It did make sense. They had one of the greatest goal kickers of all time playing in their team. With Jonny Wilkinson on kicking duty, they were guaranteed the three points every time they won a penalty. Rather than rolling the dice and going for the try, they’d take the three points.
This was reliable source of points was a relief when England were playing in a tight game. But, when they were up against a team they were expected to wipe the floor with, you wanted them to go for try after try. But they wouldn’t change strategy. They’d only go for tries from a penalty if they were 20+ points ahead on the scoreboard.
Moving ahead, point by point
The coach, Clive Woodward, believed in building the score. Slowly wearing down the opposition. Take the three points then go again. The lead gradually builds, you wear down the opposition, suddenly you’re 9 points ahead. Create enough distance and the opposition has to change tactics to take more risks and score tries. That means they leave themselves exposed, and you can take advantage.
You can apply this concept of building the score in most areas of your life. The temptation is always to go for the try. Hit the home run. You want to do one thing that has a fundamental impact on your art, your work, your business. Create one piece of work that earns you all of the attention you’ve craved. But, that rarely works. Businesses aren’t built on the impact of one action. It’s a series of small successes that compound. It’s the repetitive and hard work that delivers success.

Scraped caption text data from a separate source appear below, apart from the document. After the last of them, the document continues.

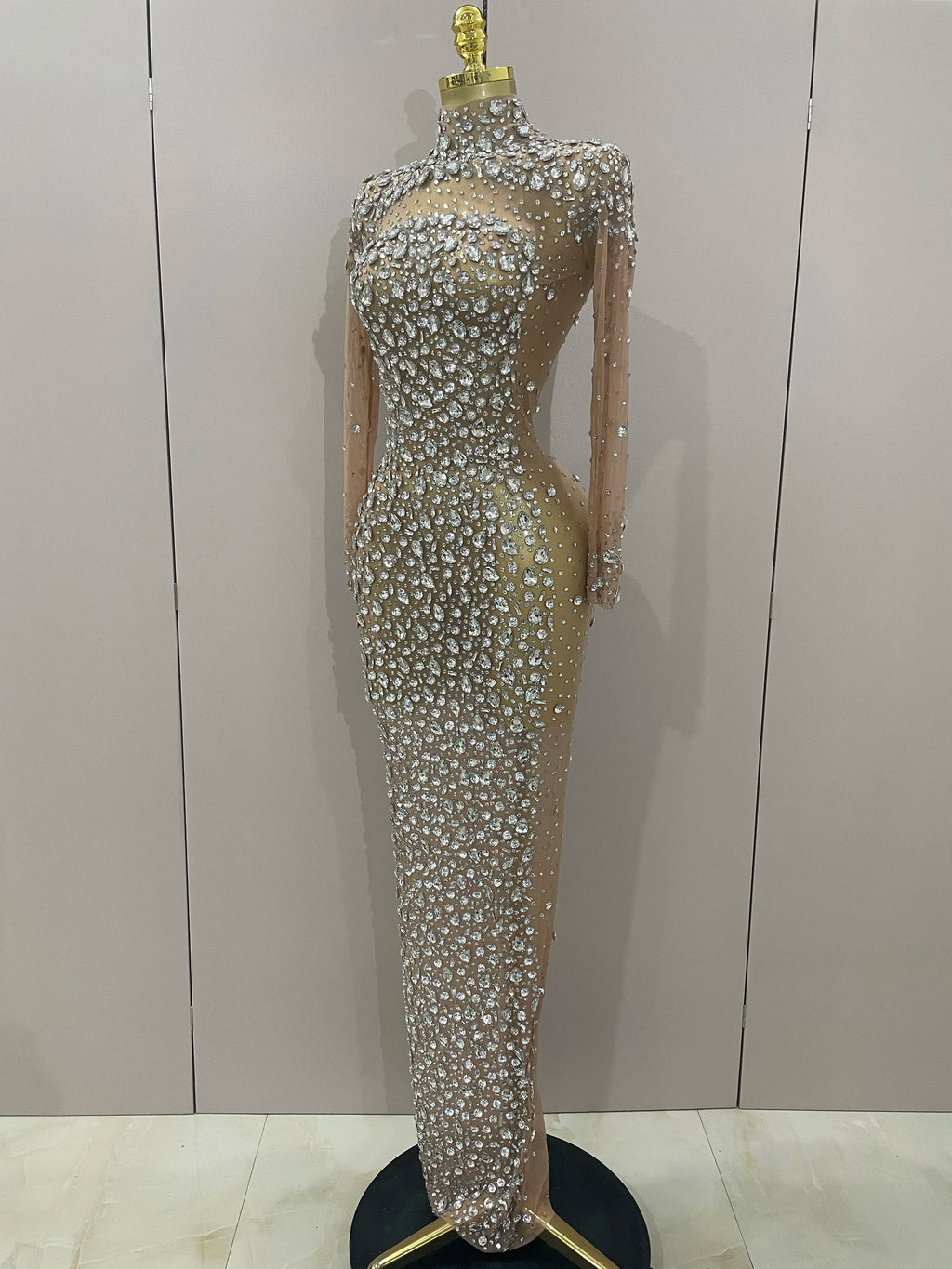 Sparkly Silver Big Rhinestone Sexy Transparent Long Dress  Women Evening Birthday Party Celebrate Club Dancer Stage Costume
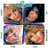 Four pixelated panels show a person with light brown hair and fair skin in various poses against different backgrounds.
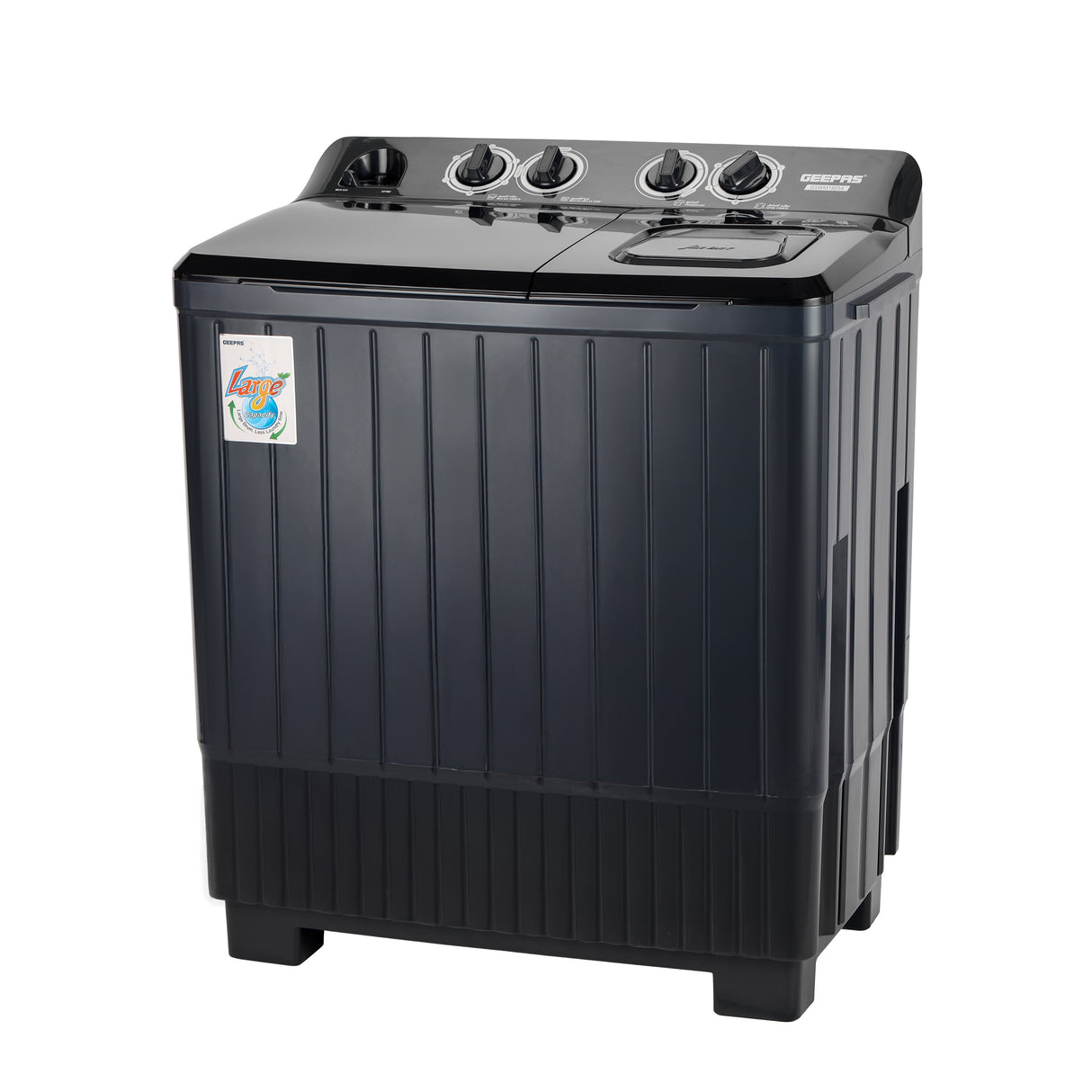 Geepas Twin Tub Washing Machine- GSWM18054/ Semi-Automatic, Equipped with Big Pulsator and Spin Dry/ Efficient Performance and Classic Design/ Perfect for Home, Apartments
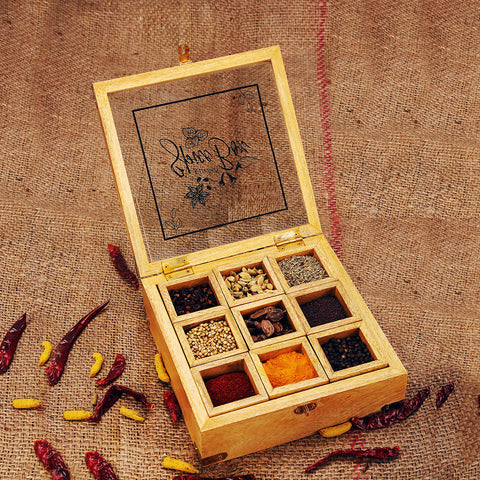 Wooden Masala Box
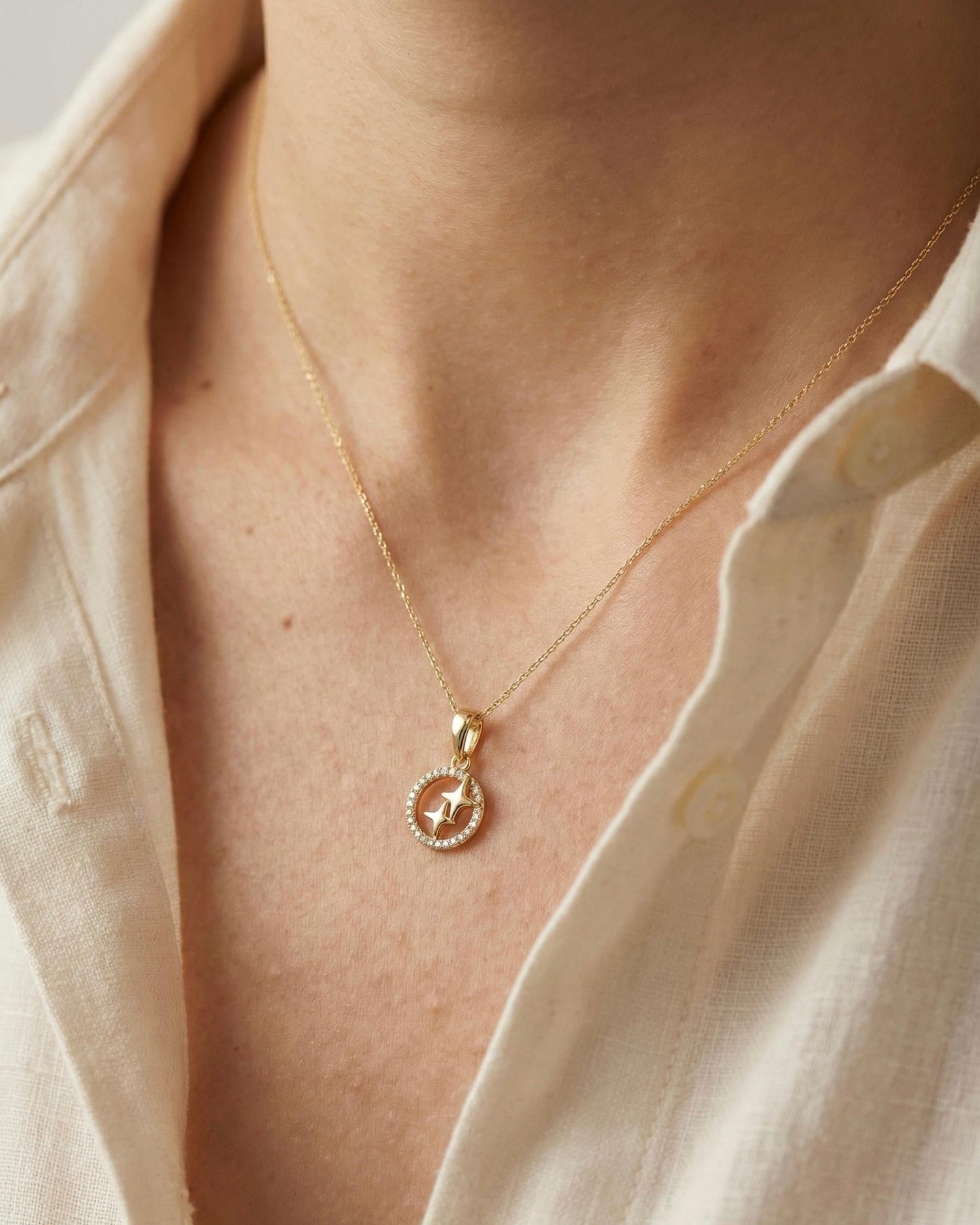 14K Xuping Pırıltı Kolye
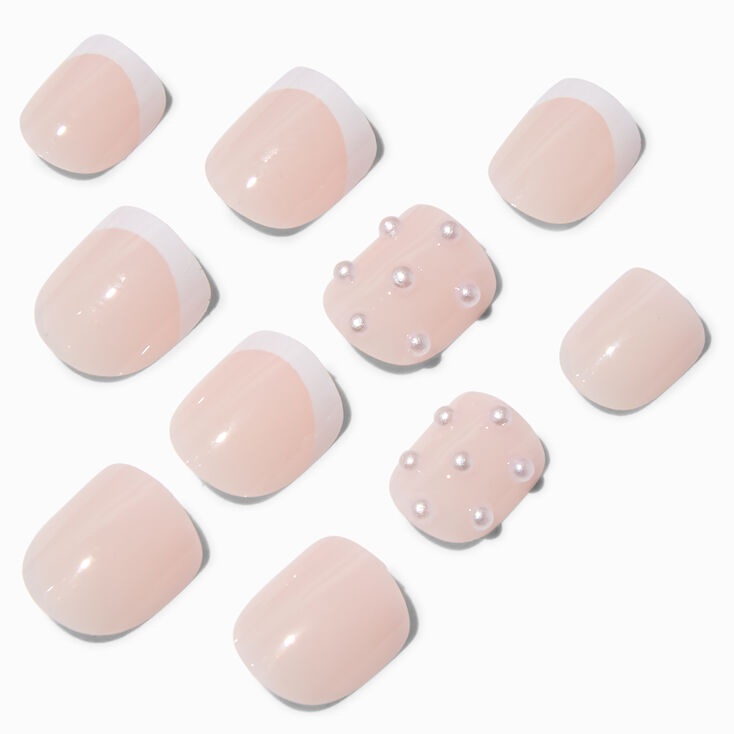 Claire's Club Pearl Press On Vegan Faux Nail Set - 10 Pack | Claire's US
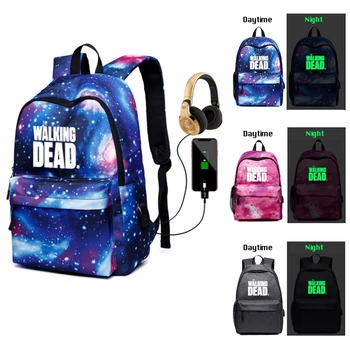 

Luminous Women Walking Dead Galaxy USB Backpack School Bags for Women Girls Canvas Travel Shoulder Bag Laptop School Bags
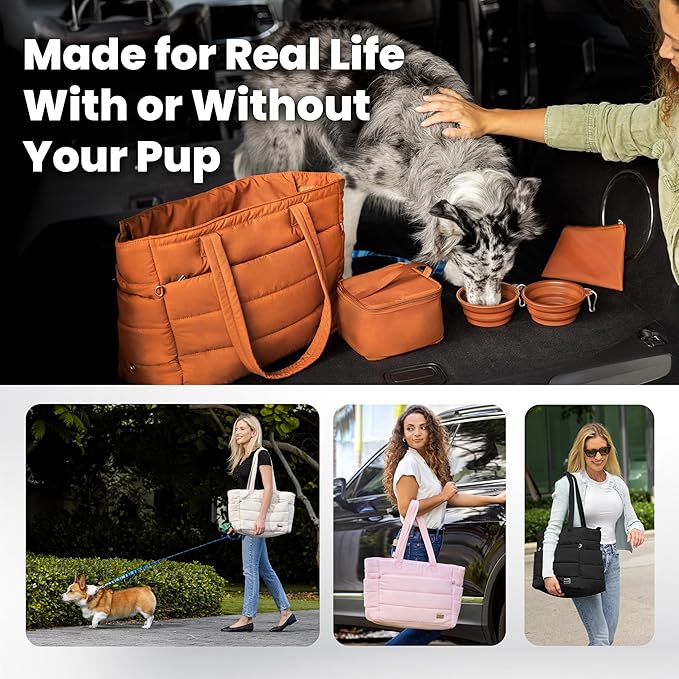 Rubyloo Mini Lint Roller Bundle Travel Size Pet Hair Remover with Retractable Cover & Black Puffer Tote Bag with Bowls Food Storage for Dog Mom Essentials Gift Set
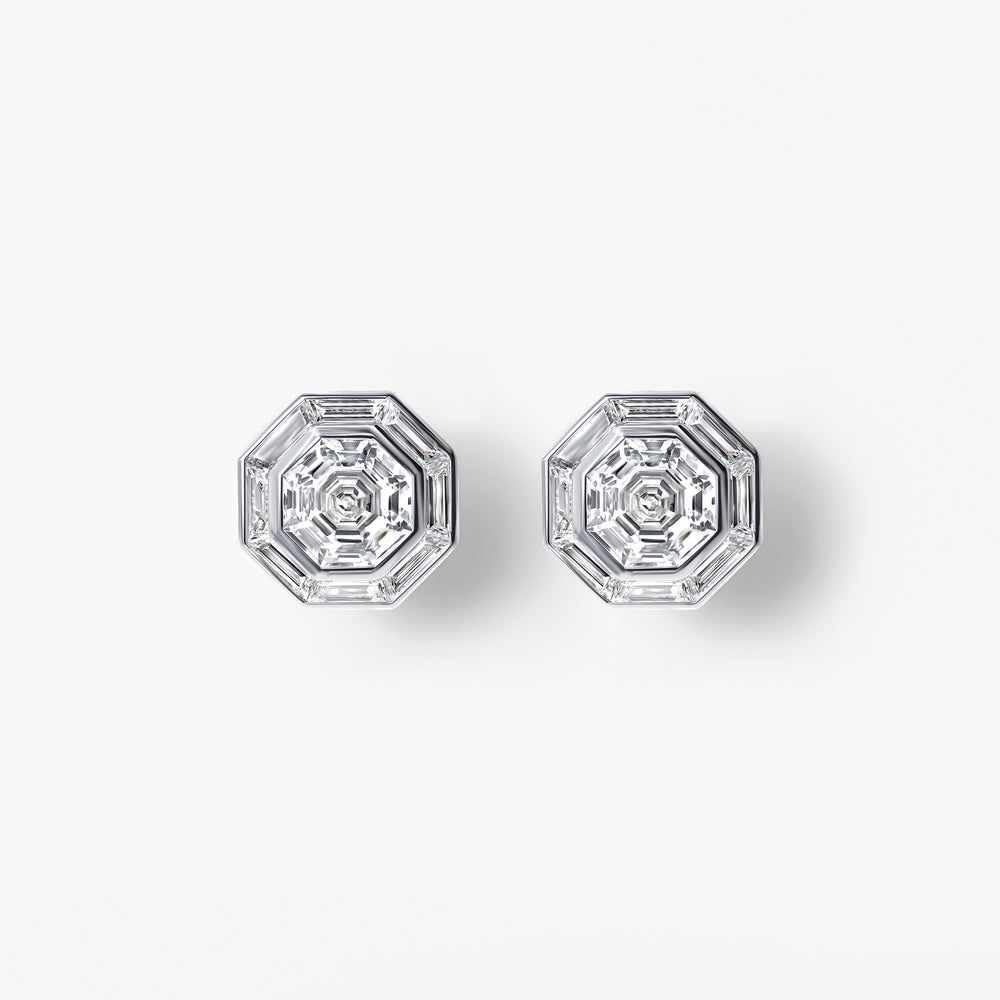Octagon and Baguette Diamond Halo Stud Earrings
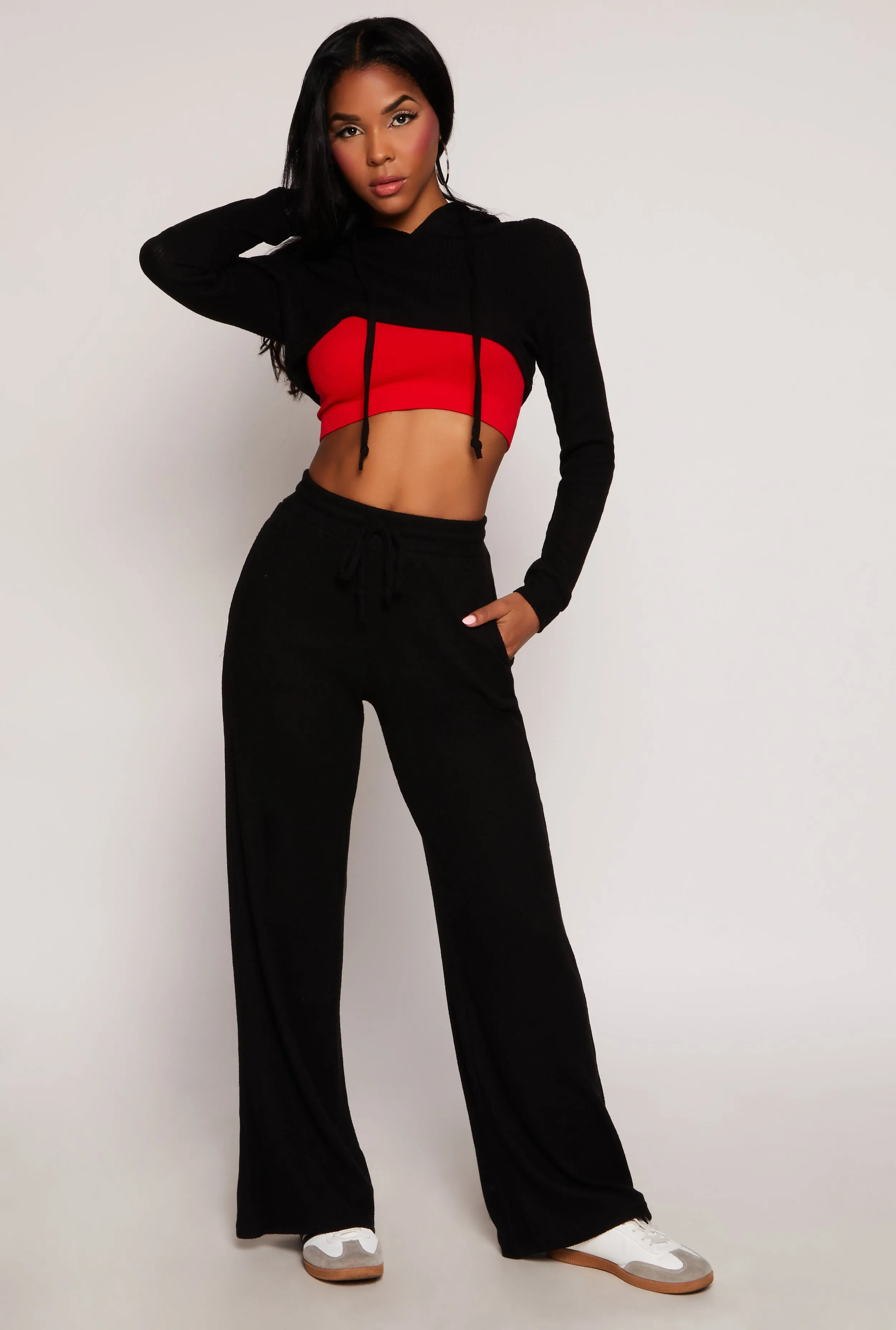 Daisy Ribbed Knit Wide Leg Pants sold by Rainbow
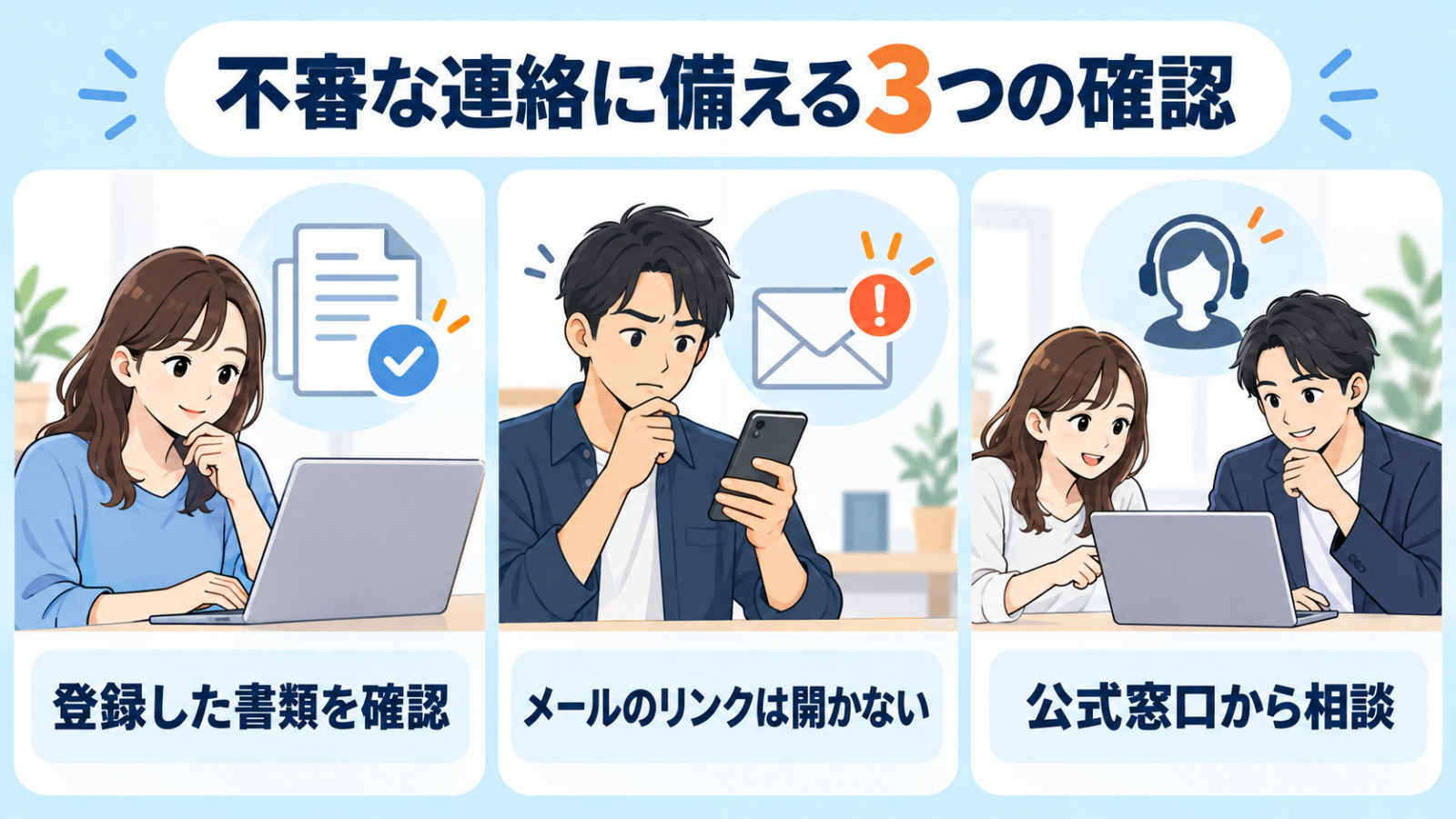 登録した書類を確認し、メールのリンクを開かず、公式窓口から相談する3つの確認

You don’t see it as a big success up close, in isolation. One blog post that’s read by ten people today doesn’t seem like a great investment of your time. But, you write a blog post every day, that’s 3,650 times your work has been read. If it’s good, those people share it, and the same post read today by ten people will get read by 15 people this time next year.
Whether you’re dieting or working on tactics to build website traffic. The impulse is to spend all your time going for the try. But World Cups are won by building the score, as is everything else.